| TASK TO COMPLETE |
Starting at the line below that contains "Hermes Oran Designer" and ending at the line that contains "Atractivo hombre de", retype each line exactly as it stands, but omit the pictures.

[Opening MATERIAL SUPPLIED section]

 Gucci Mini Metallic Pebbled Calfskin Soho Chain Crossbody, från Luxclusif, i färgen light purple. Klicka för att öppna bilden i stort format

[Closing MATERIAL SUPPLIED section]
[Opening MATERIAL SUPPLIED section]

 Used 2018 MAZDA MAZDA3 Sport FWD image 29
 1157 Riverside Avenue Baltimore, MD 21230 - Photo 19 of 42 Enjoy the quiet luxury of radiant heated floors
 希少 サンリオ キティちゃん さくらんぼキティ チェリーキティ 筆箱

[Closing MATERIAL SUPPLIED section]
[Opening MATERIAL SUPPLIED section]

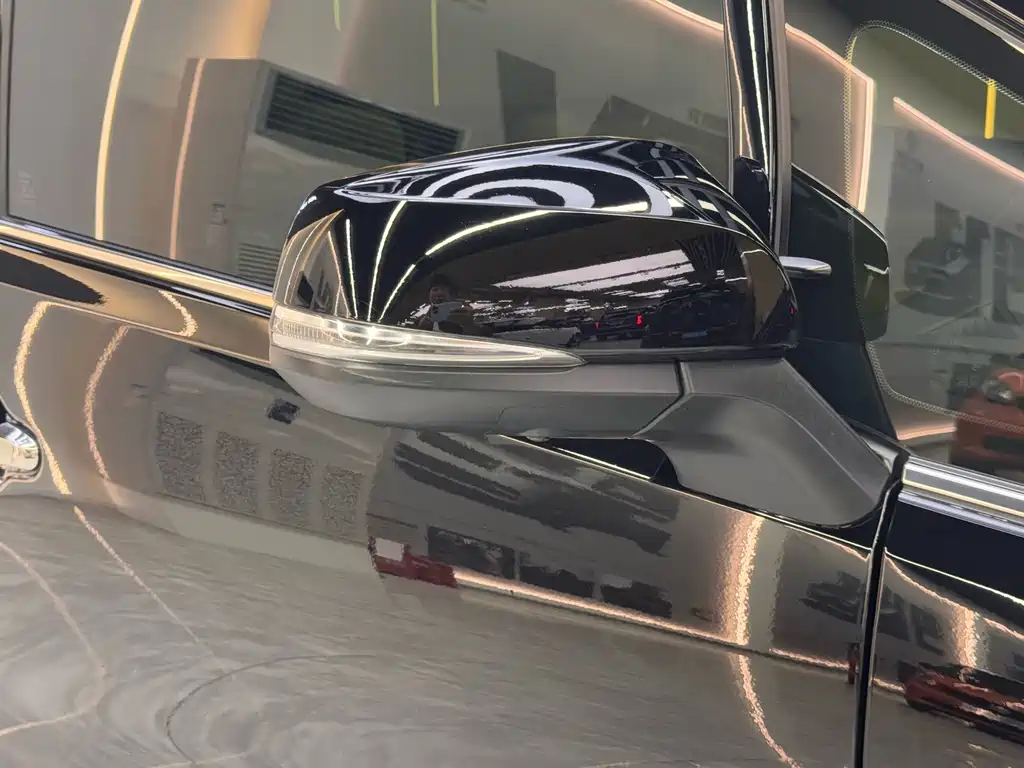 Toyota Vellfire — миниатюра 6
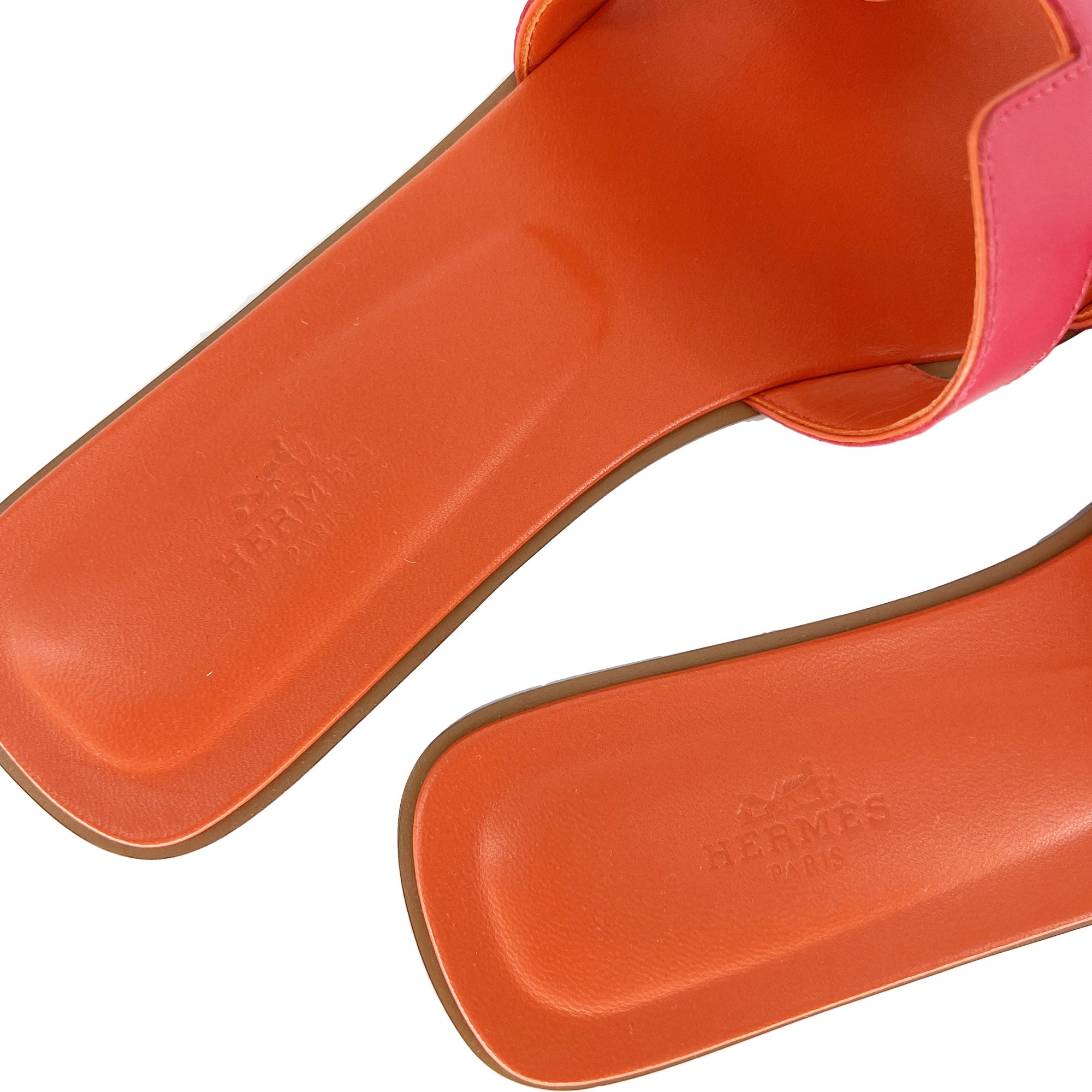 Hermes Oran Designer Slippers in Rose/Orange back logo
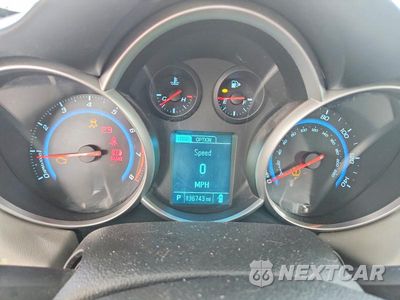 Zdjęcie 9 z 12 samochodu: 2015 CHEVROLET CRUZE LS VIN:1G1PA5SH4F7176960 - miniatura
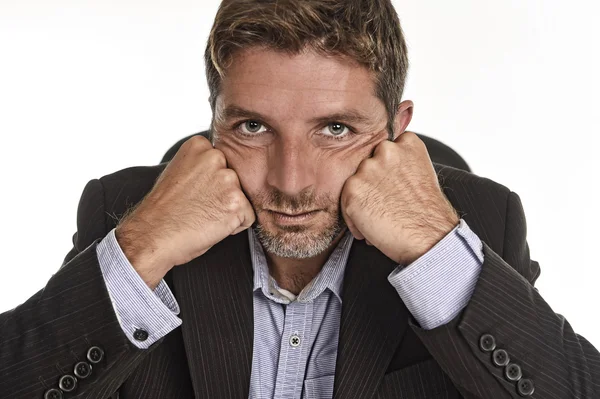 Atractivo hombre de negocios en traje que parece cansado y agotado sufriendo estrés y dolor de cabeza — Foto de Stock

[Closing MATERIAL SUPPLIED section]

| RESULT BELOW |
 Hermes Oran Designer Slippers in Rose/Orange back logo
 Zdjęcie 9 z 12 samochodu: 2015 CHEVROLET CRUZE LS VIN:1G1PA5SH4F7176960 - miniatura
 Atractivo hombre de negocios en traje que parece cansado y agotado sufriendo estrés y dolor de cabeza — Foto de Stock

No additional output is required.